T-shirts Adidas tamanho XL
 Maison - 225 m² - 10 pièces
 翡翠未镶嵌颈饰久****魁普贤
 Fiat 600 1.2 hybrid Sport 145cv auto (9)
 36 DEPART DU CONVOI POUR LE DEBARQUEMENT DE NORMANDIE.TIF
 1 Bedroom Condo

--------

▶ **What is expected**
Could you output every entry above exactly as it stands?

▶ **Exercise answer**
T-shirts Adidas tamanho XL
 Maison - 225 m² - 10 pièces
 翡翠未镶嵌颈饰久****魁普贤
 Fiat 600 1.2 hybrid Sport 145cv auto (9)
 36 DEPART DU CONVOI POUR LE DEBARQUEMENT DE NORMANDIE.TIF
 1 Bedroom Condo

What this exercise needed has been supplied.